# Working at a trail riding place.. help!



## Mulefeather (Feb 22, 2014)

I would go back to taking some lessons before you go to work handling horses for other people, especially where there is a safety and liability element. 

I would work on grooming, tacking up, tying safely, walk/trot/canter and transitions, and being a confident handler. I would also brush up on first aid. 

What would you be doing at this place? Most of the time they will usually start new staff off with the dirty, crummy jobs. But, that's how you learn.


----------



## Oreos Girl (May 24, 2011)

I rode at Yellowstone last summer and they had trail guides. From what I observed as the paid rider. The wranglers, gathered the horses, saddled, bridled, helped people mount. As we rode out, they checked on the people as we went. I might think there would be times you would need to be comfortable ponying another horse as well. I am sure there is much much more to the job than what I observed but I have never worked that job so it is my only frame of reference.


----------



## equuslover (Mar 21, 2016)

Mulefeather said:


> I would go back to taking some lessons before you go to work handling horses for other people, especially where there is a safety and liability element.
> 
> I would work on grooming, tacking up, tying safely, walk/trot/canter and transitions, and being a confident handler. I would also brush up on first aid.
> 
> What would you be doing at this place? Most of the time they will usually start new staff off with the dirty, crummy jobs. But, that's how you learn.
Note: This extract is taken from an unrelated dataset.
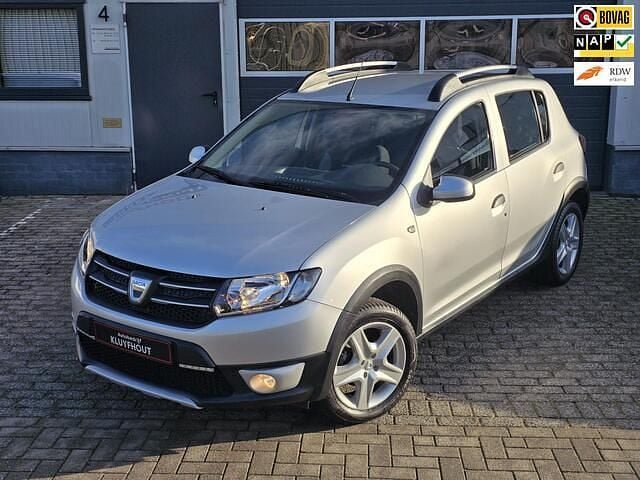 Hatchback Occasion 2013 Dacia Sandero Lauréate Hatchback | € 6.750 (Eerlijke prijs) - Afbeelding 1/4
I have been working with disabled riding people in recent years but not actually riding. I'd just be helping around the stable and helping people mount. thank you for the ideas.


----------



## Boo Walker (Jul 25, 2012)

Make sure you are physically fit- it's a hard job caring for all those horses in all kinds of weather. You have to be really safety conscious all the time with great people skills. Most of the guests will have little to no horse experience.


----------



## ChitChatChet (Sep 9, 2013)

Just be calm cool and collected. 

Helping people mount is hard work.

Telling them the basics about what they need to know.... how to steer and where the brakes are. Calming down fearful people, boosting their confidence. 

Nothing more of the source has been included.